Her eyes filled with tears.

“I did. But he didn’t, doctor. It just was.”

“You’d like to marry him if I can get hold of him?”

“Yes, doctor.”

“Well, I’ll see what I can do. Now get out. I want some rest. I’ve ridden thirty miles to-day.” He put his hand on her shoulder, marching her to the door.

“But, doctor?”

“Well …”

“You didn’t say was I going to have a baby?”

“What do you think I was talking to you about? Yes. Yes. Yes!”

“Thank you, doctor. When will it?”

“It takes nine months.” He counted his fingers savagely just in front of her face. “May.”

“It wouldn’t be sooner?” she asked eagerly.

“Hell, no. The insides of a girl like you are just like a clock. Say May thirteenth at half -past twelve at night.” He pushed her through the door, slammed it after her, and went back to his chair and called to Chloe. “Chloe, bring that rum here and then get me another glass ready. I’ll drink the second one in there.”

“Yes, suh!”

Chloe came sweeping in behind her bosom, the little finger of the hand that carried the glass cocked doggily. “Missis say supper’s ready when you is.” God help all doctors.

“Yes, Chloe. I want to sit down first. Here.
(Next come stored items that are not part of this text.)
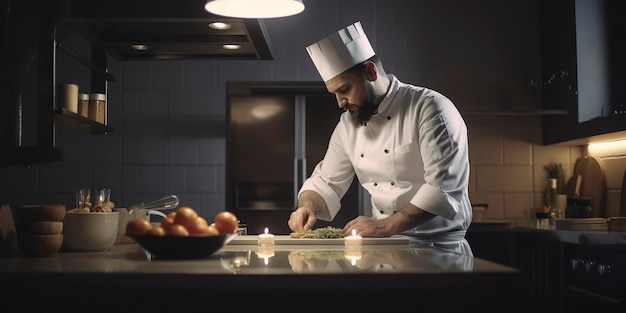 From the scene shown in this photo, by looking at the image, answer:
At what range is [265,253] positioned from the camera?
2.19 metres

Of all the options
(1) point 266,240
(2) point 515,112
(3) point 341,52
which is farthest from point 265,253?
(2) point 515,112

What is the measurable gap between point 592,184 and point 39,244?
3.47 metres

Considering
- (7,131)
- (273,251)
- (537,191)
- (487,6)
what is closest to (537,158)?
(537,191)

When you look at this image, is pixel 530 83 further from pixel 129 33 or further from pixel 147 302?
pixel 147 302

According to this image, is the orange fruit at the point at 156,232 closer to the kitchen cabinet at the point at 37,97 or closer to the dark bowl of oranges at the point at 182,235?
the dark bowl of oranges at the point at 182,235

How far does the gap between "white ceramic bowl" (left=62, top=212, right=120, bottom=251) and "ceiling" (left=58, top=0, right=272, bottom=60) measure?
662mm

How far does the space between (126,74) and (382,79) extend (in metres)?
2.21

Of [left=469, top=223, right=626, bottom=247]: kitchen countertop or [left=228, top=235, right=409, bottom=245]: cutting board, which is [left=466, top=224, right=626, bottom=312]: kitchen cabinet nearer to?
[left=469, top=223, right=626, bottom=247]: kitchen countertop

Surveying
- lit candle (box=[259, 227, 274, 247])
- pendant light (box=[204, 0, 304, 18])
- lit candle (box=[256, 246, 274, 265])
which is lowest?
lit candle (box=[256, 246, 274, 265])

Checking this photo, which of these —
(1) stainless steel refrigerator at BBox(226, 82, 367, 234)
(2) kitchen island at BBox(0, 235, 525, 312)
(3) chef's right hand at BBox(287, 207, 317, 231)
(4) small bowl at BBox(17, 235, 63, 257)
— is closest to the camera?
(2) kitchen island at BBox(0, 235, 525, 312)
And then by the fire. I want to edge up to eating.”

“Yes, suh!” Chloe whipped her huge bulk away with her uncanny nimbleness. The doctor sipped his glass. The door was tapped.

“Who’s that?” roared the doctor.

A woman answered. He didn’t recognize the voice. “Go away,” he shouted. Then he was ashamed. If he hadn’t been so tired he could have sent her away, but being so tired he couldn’t defend himself. He would work himself to death.

“Wait a minute,” he shouted, and closed the door into the house. Then he opened the store door.

“I didn’t mean to disturb you, doctor.”

He peered into the darkness. “Who is it?”

“Magdelana Martin, doctor.”

His face cleared suddenly. Of course, Martin’s pretty wife. A bright girl. It would be fun having her after that half-animal half-wit. “Come in, Mrs. Martin. You mustn’t mind my growls. Did you want to see me about yourself?”

“Yes, doctor. But it won’t take long.”

“Well, come and sit down. Do you like egg and rum? Never tried it? Where were you brought up? Taste some of my glass.”

Lana obligingly bent forward towards his hand. It pleased him to hold something to her lips. She took it like a bird. He began to feel sentimental.